Whats wrong with the Turing test

home | about | contact | privacy statement

Posted by Sam on Nov 14, 2007 at 08:30 AM UTC - 5 hrs

The Turing Test was designed to test the ability of a computer program to demonstrate intelligence. (Here is Alan Turing's proposal of it.) It is often described as so: if a computer can fool a person into believing it too is a person, the computer has passed the test and demonstrated intelligence. That view is a simplified version.

Quoth Wikipedia about the rules:

A human judge engages in a natural language conversation with one human and one machine, each of which try to appear human; if the judge cannot reliably tell which is which, then the machine is said to pass the test.

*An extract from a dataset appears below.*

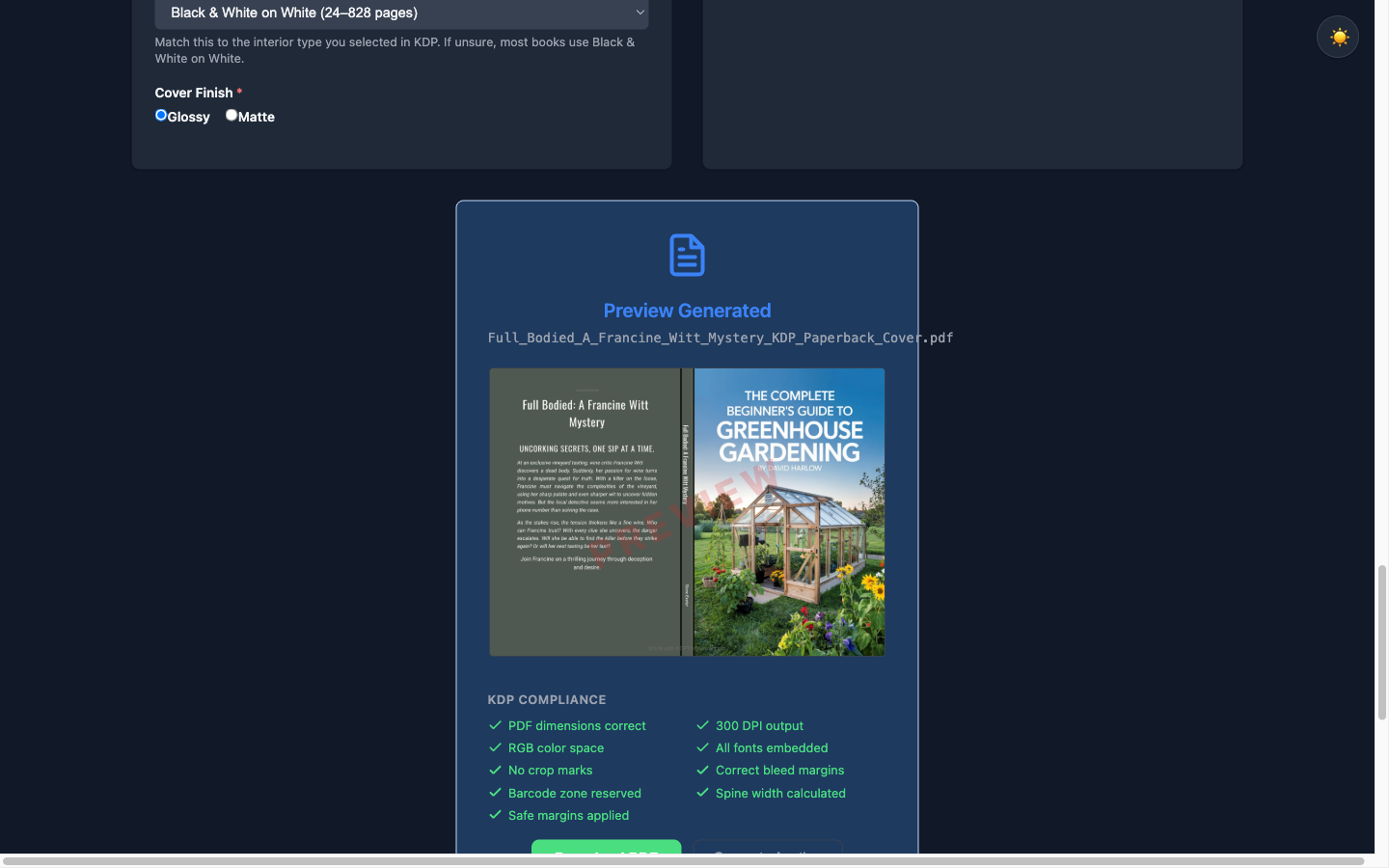 KDP Print Cover Generator gallery image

Specifically, the test should be run multiple times and if the judge cannot decipher which respondent is the human about 50% of the time, you might say he cannot tell the difference, and therefore, the machine has demonstrated intelligence and the ability to hold a conversation with a human.

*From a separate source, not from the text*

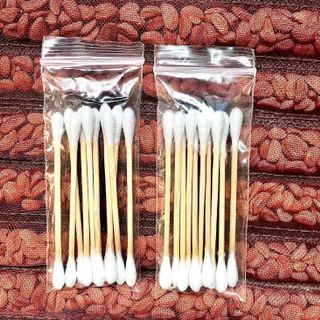 Bịch x10 Tăm bông ngoáy tai thân gỗ dùng một lần hai đầu, tăm bông tẩy trang du lịch dã ngoại A5222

I bring this up because recently Giles Bowkett said that poker bots pass the test, and pointed to another post where he said the Turing test was beaten in the 1970s by a paranoid repeater named PARRY.

I suppose the idea of poker bots passing the test comes about because (presumably) the human players at the table don't realize they are playing against a computer. But if that is the case, even a losing bot would qualify - human players may think the bot player is just an idiot.

More interesting is his idea that the Turing test was beaten in the 1970s.

In defense of that thought, Giles mentions that the requirement having the questioner "actively [try] to determine the nature of the entity they are chatting with" is splitting hairs. Even if you agree with that, the poker bot certainly does not qualify - there is no chat, and there is certainly no natural language.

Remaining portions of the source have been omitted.